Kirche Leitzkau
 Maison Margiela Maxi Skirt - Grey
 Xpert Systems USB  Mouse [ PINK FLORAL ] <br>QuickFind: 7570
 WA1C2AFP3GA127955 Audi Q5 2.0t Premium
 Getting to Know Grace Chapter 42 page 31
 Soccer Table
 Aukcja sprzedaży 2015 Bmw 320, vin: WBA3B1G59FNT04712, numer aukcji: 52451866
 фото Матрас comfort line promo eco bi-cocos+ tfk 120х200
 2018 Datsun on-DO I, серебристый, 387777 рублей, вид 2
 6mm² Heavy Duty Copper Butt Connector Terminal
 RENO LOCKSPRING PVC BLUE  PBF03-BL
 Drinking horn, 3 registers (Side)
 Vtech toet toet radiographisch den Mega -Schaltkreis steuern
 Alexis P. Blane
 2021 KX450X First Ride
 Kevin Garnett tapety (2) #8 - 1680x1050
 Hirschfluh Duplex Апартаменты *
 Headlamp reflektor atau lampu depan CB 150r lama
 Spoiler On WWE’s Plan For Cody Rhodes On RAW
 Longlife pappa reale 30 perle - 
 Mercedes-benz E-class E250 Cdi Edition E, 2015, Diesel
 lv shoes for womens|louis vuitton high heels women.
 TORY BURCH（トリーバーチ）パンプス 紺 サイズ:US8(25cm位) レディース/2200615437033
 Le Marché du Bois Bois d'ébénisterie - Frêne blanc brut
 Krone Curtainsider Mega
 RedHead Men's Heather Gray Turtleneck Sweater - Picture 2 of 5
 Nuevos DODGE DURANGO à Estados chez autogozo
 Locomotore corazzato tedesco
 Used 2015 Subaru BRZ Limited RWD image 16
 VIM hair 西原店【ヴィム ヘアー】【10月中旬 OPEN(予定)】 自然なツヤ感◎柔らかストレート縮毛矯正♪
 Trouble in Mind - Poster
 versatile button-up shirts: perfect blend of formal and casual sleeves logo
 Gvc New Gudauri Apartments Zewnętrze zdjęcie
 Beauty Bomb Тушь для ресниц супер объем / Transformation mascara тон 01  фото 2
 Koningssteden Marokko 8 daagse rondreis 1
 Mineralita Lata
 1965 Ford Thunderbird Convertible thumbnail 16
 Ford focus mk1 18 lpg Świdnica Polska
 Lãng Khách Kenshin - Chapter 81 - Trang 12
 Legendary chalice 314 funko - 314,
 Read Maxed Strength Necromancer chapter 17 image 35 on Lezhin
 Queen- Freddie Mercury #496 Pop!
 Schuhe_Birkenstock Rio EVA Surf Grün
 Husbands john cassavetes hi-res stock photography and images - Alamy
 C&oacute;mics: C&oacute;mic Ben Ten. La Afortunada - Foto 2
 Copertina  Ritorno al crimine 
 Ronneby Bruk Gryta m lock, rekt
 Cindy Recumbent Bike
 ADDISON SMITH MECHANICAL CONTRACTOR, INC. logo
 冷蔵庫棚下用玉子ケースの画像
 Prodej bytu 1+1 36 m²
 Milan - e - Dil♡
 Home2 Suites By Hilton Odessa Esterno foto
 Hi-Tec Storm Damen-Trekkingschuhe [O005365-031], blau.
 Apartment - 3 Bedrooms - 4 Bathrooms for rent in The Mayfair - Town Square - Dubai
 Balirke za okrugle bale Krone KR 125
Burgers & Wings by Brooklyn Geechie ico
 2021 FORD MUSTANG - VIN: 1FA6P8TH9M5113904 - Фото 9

● What to work on
Nothing before the line holding "Balirke za okrugle bale Krone KR 125" belongs in the answer. Repeat that line and the rest of the listing exactly.

● Problem solution
 Balirke za okrugle bale Krone KR 125
Burgers & Wings by Brooklyn Geechie ico
 2021 FORD MUSTANG - VIN: 1FA6P8TH9M5113904 - Фото 9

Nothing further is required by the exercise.